What you say makes sense....

Why a 3rd power input is beyond my imanigation?..

I have 2 batteries and 2 avionics busses. Primary to one, Secondary to the other, both the efis and the ahrs.


If that all fails I have a Dynon and steam guages.....yummy:eek:
 
One for the Main bus

One for the Essential bus

and One to the Aux battery

...at least that's how I do it.....this way, you never have to switch anything - if you have power somewhere on an aircraft bus, the EFIS has power. That's how a certain aerospace vehicle power's it's computers (more or less). ;)

Paul
 
Paul

How do you keep the aux battery charged - is it possibly as simple as running a wire from one of the busses to the aux battery with a diode in between to stop the juice from flowing out of the aux battery during start up?

thanks

erich
 
Paul

How do you keep the aux battery charged - is it possibly as simple as running a wire from one of the busses to the aux battery with a diode in between to stop the juice from flowing out of the aux battery during start up?

In principal, yes. In practice, the Aux battery dioded of the main battery bus with a resistor in line to keep the curent down to a reasonable level. You also want a diode with as low a forward drop as possible. This arrangement keeps the Aux battery charged trickle charged (not perfectly, but good enough) when the aircraft sits, and tops it off when the Alternator is up.

Paul
 
Just as an aside, the three power leads into the GRT stuff are diode isolated inside the unit, so no worry about a hot wire bleeding over to other feeds or sources of power. We frequently have used 2 of the three, but after hundreds of the GRT screens I think I can count on one hand the number of times we've used all three.

As the famous guy say: "Make is just as complicated as it needs to be, no more".

Cheers,
Stein
 
And another famous one from Ed Heinemann (IIRC) - "Simplicate and add lightness"

:)
 
In principal, yes. In practice, the Aux battery dioded of the main battery bus with a resistor in line to keep the curent down to a reasonable level.
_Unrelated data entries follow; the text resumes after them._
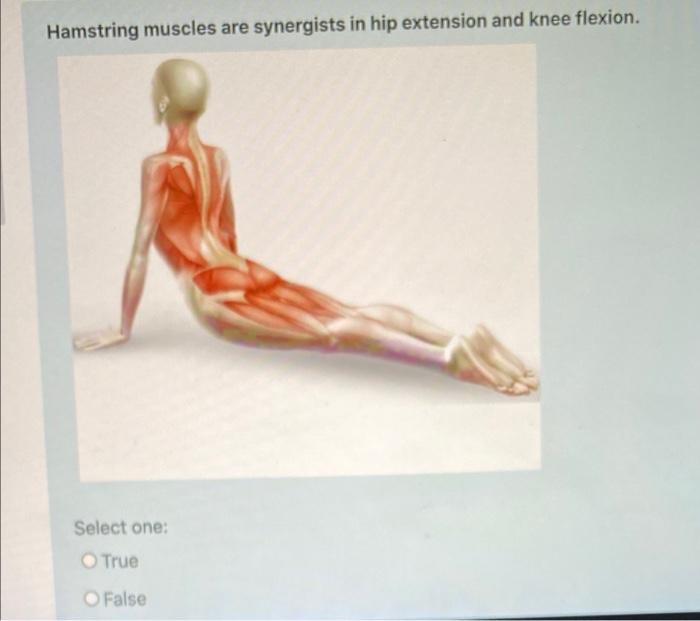 The action of the hamstring muscles is: a. flexion of the knee and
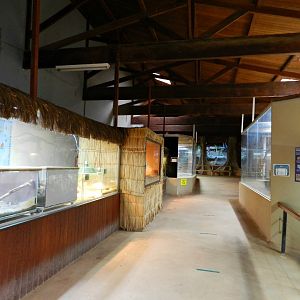 Indoor exhibits - Zooparque Itatiba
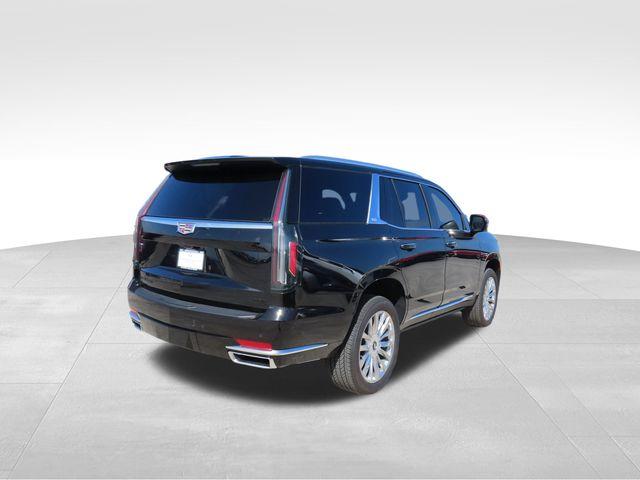 2024 Cadillac Escalade Vehicle Photo in DELRAY BEACH, FL 33483-3294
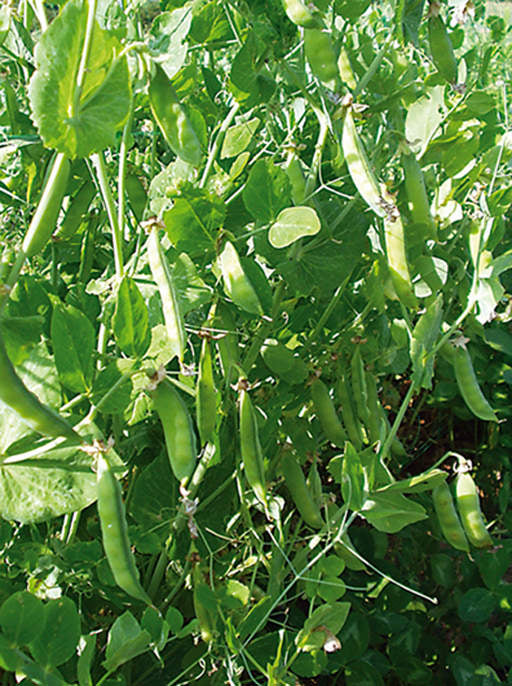 Reinsaat – Schalerbse Douce Provence (Pisum sativum L. convar. sativum)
You also want a diode with as low a forward drop as possible. This arrangement keeps the Aux battery charged trickle charged (not perfectly, but good enough) when the aircraft sits, and tops it off when the Alternator is up.

Paul


Does anyone remember the part number for a suitable diode with a low forward drop? For the resistor value do you take the alternator output voltage and subtract the battery voltage and subtract the diode drop and then divide by the desired charging current (from battery spec sheet)? I guess I could fall back on my old engineering principle - "every hole a slot and every resistor a pot." :)
 
Backup battery circuit

Paul Dye posted a schematic to the GRT group on Yahoo a couple years ago. It used an NTE585 diode and a 15 ohm 10 watt resister. I have used this circuit in my RV7a for the last two years and it works. I used a Panasonic battery, part number LC-R127R2P, 7.2 Ah. Mousers carries these products.

Good luck.
 
Any local alarm company will have the battery........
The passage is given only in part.